**Stored data**.
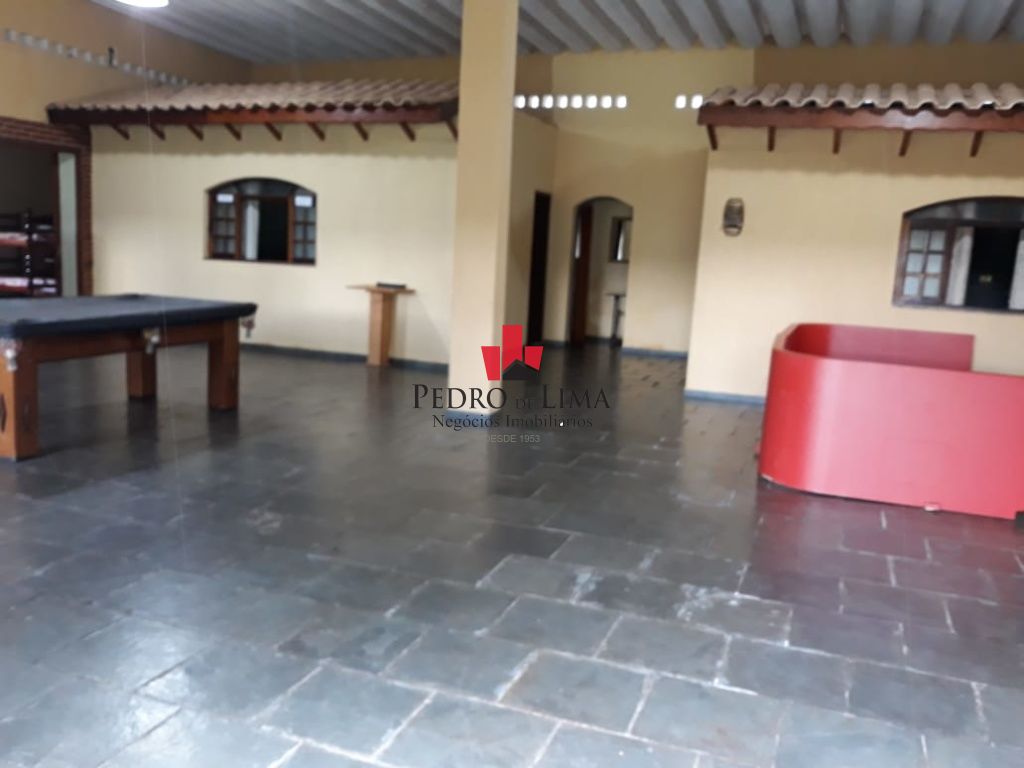 Chacara  com  3 dormitórios sendo 2 suítes, churrasqueira, piscina e 45 vagas, no Atibaia.
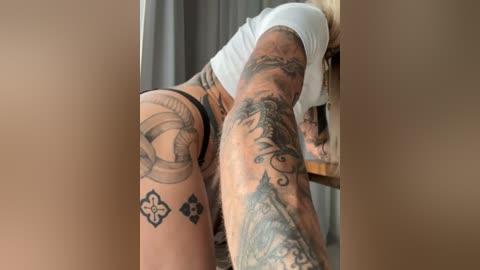 divina_x_ free recording from 2025-12-22 00:05:00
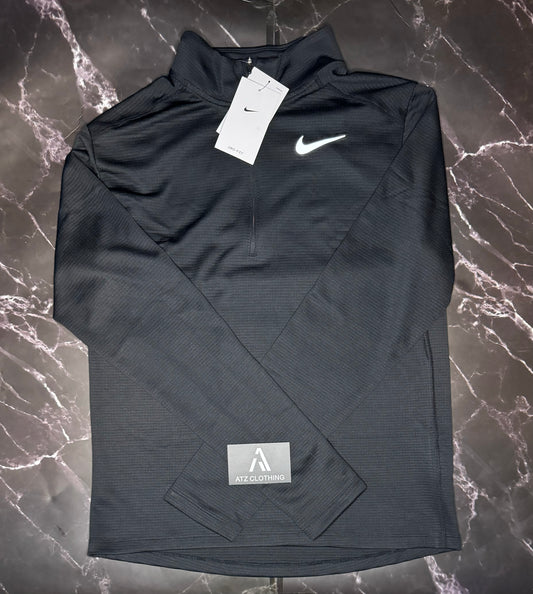 Nike 1/4 Zip “Black”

**What the task requires**. An exact reproduction of the data is required, with pictures excluded.

**Solved exercise**.
 Chacara  com  3 dormitórios sendo 2 suítes, churrasqueira, piscina e 45 vagas, no Atibaia.
 divina_x_ free recording from 2025-12-22 00:05:00
 Nike 1/4 Zip “Black”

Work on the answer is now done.